* Data provided *
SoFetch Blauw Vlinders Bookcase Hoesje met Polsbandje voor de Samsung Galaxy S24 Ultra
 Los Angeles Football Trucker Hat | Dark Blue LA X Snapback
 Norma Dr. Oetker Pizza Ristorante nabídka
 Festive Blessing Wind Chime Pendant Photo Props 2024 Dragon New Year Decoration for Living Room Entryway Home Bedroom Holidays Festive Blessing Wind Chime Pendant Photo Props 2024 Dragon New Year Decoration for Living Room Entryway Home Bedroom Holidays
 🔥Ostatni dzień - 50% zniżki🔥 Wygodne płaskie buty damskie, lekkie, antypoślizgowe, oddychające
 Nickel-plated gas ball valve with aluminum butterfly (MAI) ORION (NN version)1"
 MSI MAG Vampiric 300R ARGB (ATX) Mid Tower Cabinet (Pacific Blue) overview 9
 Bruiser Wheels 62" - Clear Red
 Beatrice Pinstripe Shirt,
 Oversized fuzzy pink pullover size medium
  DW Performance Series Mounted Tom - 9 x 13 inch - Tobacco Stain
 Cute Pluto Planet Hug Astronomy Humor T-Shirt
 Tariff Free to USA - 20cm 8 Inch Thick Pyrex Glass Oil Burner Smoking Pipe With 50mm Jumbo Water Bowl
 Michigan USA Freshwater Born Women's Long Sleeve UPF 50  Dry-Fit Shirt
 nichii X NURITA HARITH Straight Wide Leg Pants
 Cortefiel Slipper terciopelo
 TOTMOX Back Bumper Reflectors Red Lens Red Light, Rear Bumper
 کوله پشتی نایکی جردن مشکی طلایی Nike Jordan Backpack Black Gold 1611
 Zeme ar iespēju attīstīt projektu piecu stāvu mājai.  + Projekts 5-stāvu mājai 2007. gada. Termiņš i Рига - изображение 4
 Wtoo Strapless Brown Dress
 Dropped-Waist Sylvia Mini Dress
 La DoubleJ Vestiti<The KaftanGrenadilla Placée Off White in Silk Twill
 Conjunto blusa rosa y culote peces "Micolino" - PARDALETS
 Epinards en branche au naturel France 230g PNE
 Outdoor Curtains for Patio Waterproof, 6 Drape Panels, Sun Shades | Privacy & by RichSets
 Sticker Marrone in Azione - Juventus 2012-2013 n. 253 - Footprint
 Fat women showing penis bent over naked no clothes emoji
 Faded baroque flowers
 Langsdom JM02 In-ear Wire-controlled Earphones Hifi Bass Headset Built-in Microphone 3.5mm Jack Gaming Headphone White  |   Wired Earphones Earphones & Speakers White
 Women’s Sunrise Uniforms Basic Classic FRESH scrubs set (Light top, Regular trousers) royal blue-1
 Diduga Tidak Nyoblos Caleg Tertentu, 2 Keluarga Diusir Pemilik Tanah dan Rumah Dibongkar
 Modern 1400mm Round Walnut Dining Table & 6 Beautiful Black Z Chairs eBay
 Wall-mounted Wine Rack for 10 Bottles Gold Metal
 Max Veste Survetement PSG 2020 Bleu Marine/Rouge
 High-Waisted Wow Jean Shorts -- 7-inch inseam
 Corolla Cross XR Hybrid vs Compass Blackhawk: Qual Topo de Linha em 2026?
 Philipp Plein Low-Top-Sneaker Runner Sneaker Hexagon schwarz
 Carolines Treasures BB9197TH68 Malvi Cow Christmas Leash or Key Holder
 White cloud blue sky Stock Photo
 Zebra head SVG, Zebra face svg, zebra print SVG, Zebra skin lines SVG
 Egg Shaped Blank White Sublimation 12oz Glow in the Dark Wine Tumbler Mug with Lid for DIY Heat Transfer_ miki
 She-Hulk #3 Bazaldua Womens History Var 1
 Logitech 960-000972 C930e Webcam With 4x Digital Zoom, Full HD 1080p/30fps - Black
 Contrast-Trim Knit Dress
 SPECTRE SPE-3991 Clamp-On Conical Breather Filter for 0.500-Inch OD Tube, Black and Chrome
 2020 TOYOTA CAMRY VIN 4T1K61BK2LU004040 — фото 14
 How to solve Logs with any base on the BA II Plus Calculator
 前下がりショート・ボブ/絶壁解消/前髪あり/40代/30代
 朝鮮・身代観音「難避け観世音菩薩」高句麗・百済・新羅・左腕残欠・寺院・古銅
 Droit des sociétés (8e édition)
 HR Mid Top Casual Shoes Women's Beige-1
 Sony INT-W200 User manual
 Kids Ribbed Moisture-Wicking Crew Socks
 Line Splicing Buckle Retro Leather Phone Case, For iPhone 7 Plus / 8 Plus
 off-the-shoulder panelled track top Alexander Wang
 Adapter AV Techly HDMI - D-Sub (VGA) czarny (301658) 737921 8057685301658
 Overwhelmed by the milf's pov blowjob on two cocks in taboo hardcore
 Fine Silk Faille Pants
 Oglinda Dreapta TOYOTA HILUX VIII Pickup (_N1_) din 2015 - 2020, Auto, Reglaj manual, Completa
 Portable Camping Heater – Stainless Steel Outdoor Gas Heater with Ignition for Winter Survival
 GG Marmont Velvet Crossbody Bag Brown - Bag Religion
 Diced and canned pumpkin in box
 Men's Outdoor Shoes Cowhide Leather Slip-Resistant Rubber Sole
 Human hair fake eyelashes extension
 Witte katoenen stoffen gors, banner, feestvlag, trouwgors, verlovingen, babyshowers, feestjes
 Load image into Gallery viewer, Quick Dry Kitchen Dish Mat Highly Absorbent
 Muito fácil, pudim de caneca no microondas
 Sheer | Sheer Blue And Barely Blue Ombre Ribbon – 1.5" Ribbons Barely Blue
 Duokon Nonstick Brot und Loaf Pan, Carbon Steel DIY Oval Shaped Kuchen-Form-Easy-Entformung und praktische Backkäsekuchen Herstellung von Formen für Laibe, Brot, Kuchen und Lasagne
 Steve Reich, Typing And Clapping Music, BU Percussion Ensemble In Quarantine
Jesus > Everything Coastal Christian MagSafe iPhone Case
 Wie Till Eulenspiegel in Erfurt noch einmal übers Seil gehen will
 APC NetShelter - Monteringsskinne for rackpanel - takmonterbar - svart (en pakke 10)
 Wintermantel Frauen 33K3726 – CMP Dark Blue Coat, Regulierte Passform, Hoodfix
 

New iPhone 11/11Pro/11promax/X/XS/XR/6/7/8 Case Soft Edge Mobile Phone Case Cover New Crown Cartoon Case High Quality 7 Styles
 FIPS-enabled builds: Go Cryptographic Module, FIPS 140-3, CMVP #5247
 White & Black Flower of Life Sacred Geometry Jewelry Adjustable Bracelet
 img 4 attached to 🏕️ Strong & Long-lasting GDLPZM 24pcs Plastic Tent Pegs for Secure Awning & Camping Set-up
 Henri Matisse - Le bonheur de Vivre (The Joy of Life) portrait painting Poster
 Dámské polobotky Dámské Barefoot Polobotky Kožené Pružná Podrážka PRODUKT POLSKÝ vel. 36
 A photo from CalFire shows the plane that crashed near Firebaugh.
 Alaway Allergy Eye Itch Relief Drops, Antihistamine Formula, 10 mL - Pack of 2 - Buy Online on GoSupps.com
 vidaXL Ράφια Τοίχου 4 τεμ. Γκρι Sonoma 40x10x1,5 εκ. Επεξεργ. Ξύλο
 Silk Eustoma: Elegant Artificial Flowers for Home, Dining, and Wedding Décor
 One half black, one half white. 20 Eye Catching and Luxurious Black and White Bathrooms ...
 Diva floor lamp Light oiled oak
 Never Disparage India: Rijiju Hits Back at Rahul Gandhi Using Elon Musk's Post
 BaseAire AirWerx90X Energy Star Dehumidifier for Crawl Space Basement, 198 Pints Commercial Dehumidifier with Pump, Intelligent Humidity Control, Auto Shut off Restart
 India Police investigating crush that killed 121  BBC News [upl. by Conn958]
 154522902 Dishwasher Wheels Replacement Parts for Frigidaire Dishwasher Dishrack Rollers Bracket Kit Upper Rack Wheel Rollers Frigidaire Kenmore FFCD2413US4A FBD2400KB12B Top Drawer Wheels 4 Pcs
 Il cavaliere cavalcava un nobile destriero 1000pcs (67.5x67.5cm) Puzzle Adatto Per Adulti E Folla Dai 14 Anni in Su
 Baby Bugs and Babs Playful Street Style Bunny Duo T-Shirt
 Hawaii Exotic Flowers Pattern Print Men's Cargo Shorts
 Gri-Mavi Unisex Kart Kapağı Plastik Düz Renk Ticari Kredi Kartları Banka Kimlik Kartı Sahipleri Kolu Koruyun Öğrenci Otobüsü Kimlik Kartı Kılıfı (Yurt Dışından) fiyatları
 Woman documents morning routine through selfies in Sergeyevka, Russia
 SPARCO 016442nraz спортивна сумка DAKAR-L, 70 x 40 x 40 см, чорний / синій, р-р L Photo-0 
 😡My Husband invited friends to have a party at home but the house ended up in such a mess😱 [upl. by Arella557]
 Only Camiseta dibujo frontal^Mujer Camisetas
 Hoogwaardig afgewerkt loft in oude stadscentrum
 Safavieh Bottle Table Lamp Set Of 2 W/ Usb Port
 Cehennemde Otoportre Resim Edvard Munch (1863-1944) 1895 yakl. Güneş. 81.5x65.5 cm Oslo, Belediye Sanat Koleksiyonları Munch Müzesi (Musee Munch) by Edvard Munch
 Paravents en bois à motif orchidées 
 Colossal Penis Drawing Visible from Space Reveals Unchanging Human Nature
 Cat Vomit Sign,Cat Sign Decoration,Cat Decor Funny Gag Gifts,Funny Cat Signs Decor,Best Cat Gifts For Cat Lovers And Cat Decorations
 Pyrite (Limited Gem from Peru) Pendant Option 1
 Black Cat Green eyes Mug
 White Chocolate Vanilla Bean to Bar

* Your task *
Send back an exact copy of only the lines from the line with "Silk Eustoma: Elegant" up to and including the line with "Il cavaliere cavalcava" in the data above.

* Exercise result *
 Silk Eustoma: Elegant Artificial Flowers for Home, Dining, and Wedding Décor
 One half black, one half white. 20 Eye Catching and Luxurious Black and White Bathrooms ...
 Diva floor lamp Light oiled oak
 Never Disparage India: Rijiju Hits Back at Rahul Gandhi Using Elon Musk's Post
 BaseAire AirWerx90X Energy Star Dehumidifier for Crawl Space Basement, 198 Pints Commercial Dehumidifier with Pump, Intelligent Humidity Control, Auto Shut off Restart
 India Police investigating crush that killed 121  BBC News [upl. by Conn958]
 154522902 Dishwasher Wheels Replacement Parts for Frigidaire Dishwasher Dishrack Rollers Bracket Kit Upper Rack Wheel Rollers Frigidaire Kenmore FFCD2413US4A FBD2400KB12B Top Drawer Wheels 4 Pcs
 Il cavaliere cavalcava un nobile destriero 1000pcs (67.5x67.5cm) Puzzle Adatto Per Adulti E Folla Dai 14 Anni in Su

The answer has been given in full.